Ok,... Looks like I was wrong about your board being toast! I've epoxied some minor peel backs of the laminate on the edges of my Arbor, but it's actually good to hear that damage as extensive as the type you suffered does not necessarily mean the end of a good riding board!  (...knowing that, maybe I won't have to pummel the person who might do that to me n my deck!) :laugh:

As I mentioned, I did it on a smaller scale, but you will want to get some blocks of 1x to put between your topsheet, your base and the clamps when you glue it. ( no sense in marring it up any more than it already has been!)

Good luck on the repair!


----------



## timmytard (Mar 19, 2009)

If it's @ the nose or tail, which it kinda looks like:dunno: hard to tell?

You probably didn't get to the core:yahoo: Still sucks ass though, I know.

Take it too a shop, it might be ugly as shit, but I don't think you'll even notice.


Hey Chomps, unless she's a beaver bumper:dunno: I don't think she got laid


TT


----------



## koi (May 16, 2013)

timmytard said:


> Hey Chomps, unless she's a beaver bumper:dunno: I don't think she got laid


scissor me timbers


----------



## chomps1211 (Mar 30, 2011)

timmytard said:


> ....Hey Chomps, unless she's a beaver bumper:dunno: I don't think she got laid
> TT





shellabelly said:


> Got clipped by *a lovely lady* the other day....

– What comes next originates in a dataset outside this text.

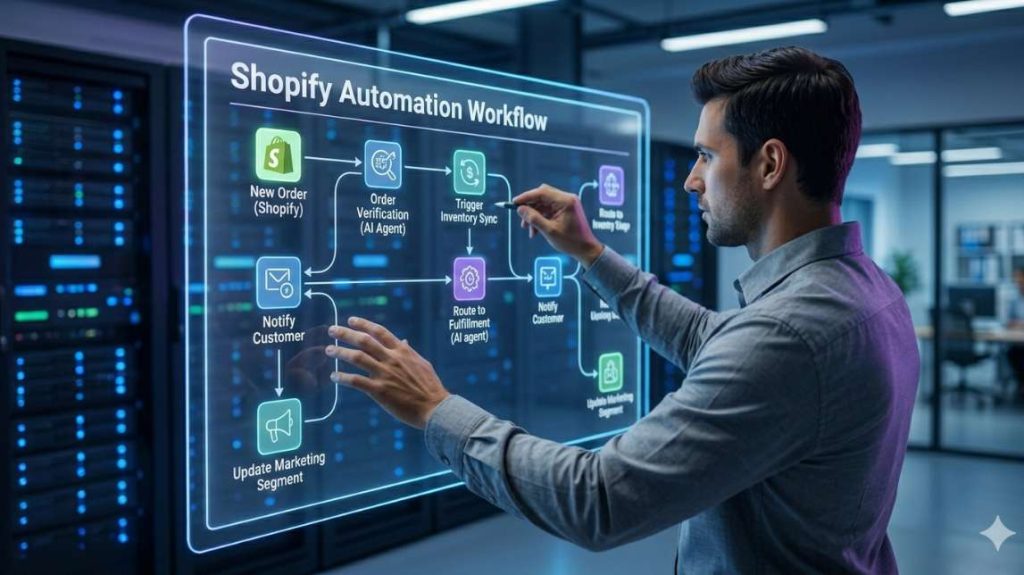 A developer managing complex shopify automation workflows on a transparent touch screen for ecommerce workflow automation.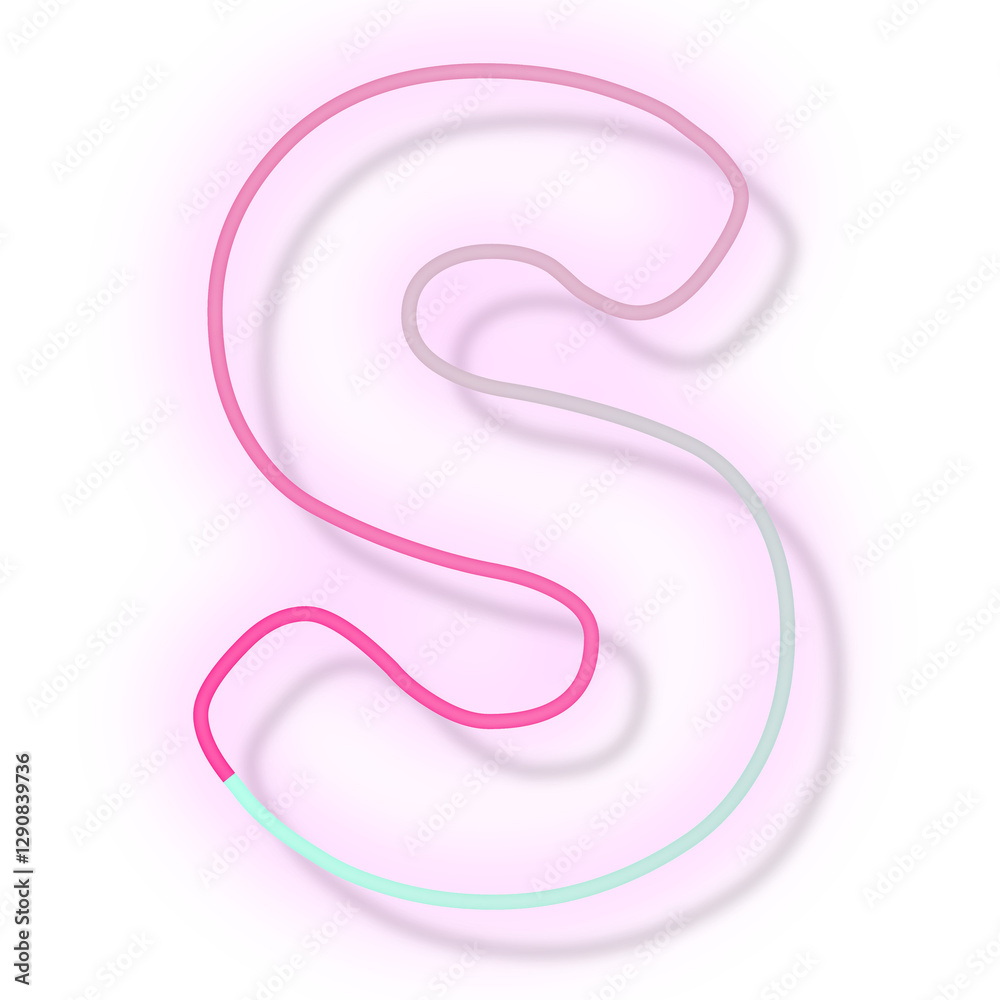 Obraz premium Letter S png pink neon font typography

IDK, I think I'll stand by my original statement! :laugh: 

Based on the OP's original opening line, you can clearly understand my confusion! Either way, hope we aren't chasing away another potential long term female member!!!:dunno:

(..._To the OP, no offense meant! . We're a creepy, perverted lot here in this sausage fest of a forum, but give us a chance!)_


----------



## shellabelly (May 17, 2010)

HAHAHA omg this is hilarious. Thanks for all your responses lads, good to hear my precious ally btx 2012 isn't gone forever - she's too much fun! 

And as for getting laid - I said lovely lady in sarcasm, I REALLY wanted to get my chipped board and smack her across the face with it... alas she pissed off as soon as she got up from her 20 metre stack.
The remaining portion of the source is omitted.